Special Report: Tri-State's Most Wanted

Special Report: Tri-State's Most Wanted

EVANSVILLE, IN (WFIE) - You hear about the most wanted criminals, but what about the stuff criminals want most?

We found it's anything that can be stolen quickly and easily, then converted to cash.

Terry Bolin found that out the hard way. He always locks his car doors, except the time he didn't.

"They just went through the glove boxes and threw everything out, looking for things that they might be able to sell," said Bolin.

Officer Eric Krogman is one of nine crime prevention officers in the Evansville Police Department.

He says It's not hard to guess the number one thing criminals want.

"Cash is king, and cash is the easiest thing," said Officer Krogman.

Then there are the things that can be easily sold for cash, especially if it's easy pickings.

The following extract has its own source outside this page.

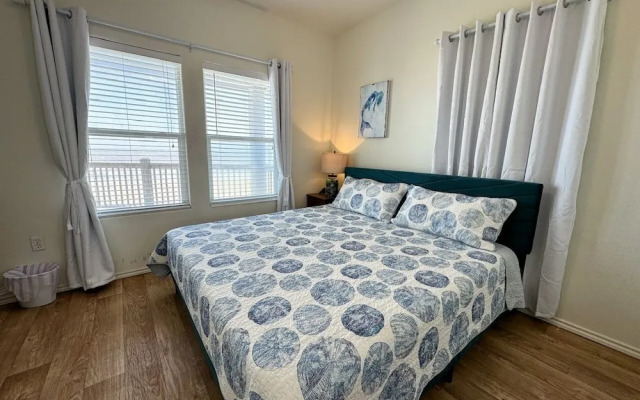 Sunburn Alley 4 Bedroom Home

"If there are items in plain view, a purse, a wallet, you name it. That's going to be a pretty easy thing for them to obtain and get on down the street," said Officer Krogman.

Tom Littlepage gets on down the street on a regular basis, for a very different reason.

"I can go on any street inside of our boundaries and 'go good guy, bad guy, good guy, bad guy, neutral guy,'" said Littlepage.

Littlepage is the president of the Southeast Side Neighborhood Association. He's says alarms, personal firearms and dogs are all good deterrents to crime, but the best alarm system is an organized neighborhood where people know each other and work together when the criminals invade.

"If they come through here, and all the cars are locked, and all the doors are locked, and houses, and everybody's looking out for each other, they make a note, 'don't go back there, let's go three streets over,' and then they go three streets over, and then they mess with people who are not organized," said Littlepage.

Littlepage has two simple rules for protecting your car. Lock it, and don't leave valuables inside.

As for your house, Officer Krogman says replace those half-inch screws in your dead bolt with three inches screws because those little ones make it easy to break your door down.

"Whereas if you put these three inch screws in, they're into that 2x4 that's in the wall. It makes it so much more difficult to get that door open," said Officer Krogman.

All this is about being pro-active, getting involved, and becoming a hard target instead of a sitting duck.

"They want to come home, put their earbuds in, watch Netflix, and let the police handle it. If that's your strategy, well, good luck, you're probably going to be a victim some day," said Littlepage.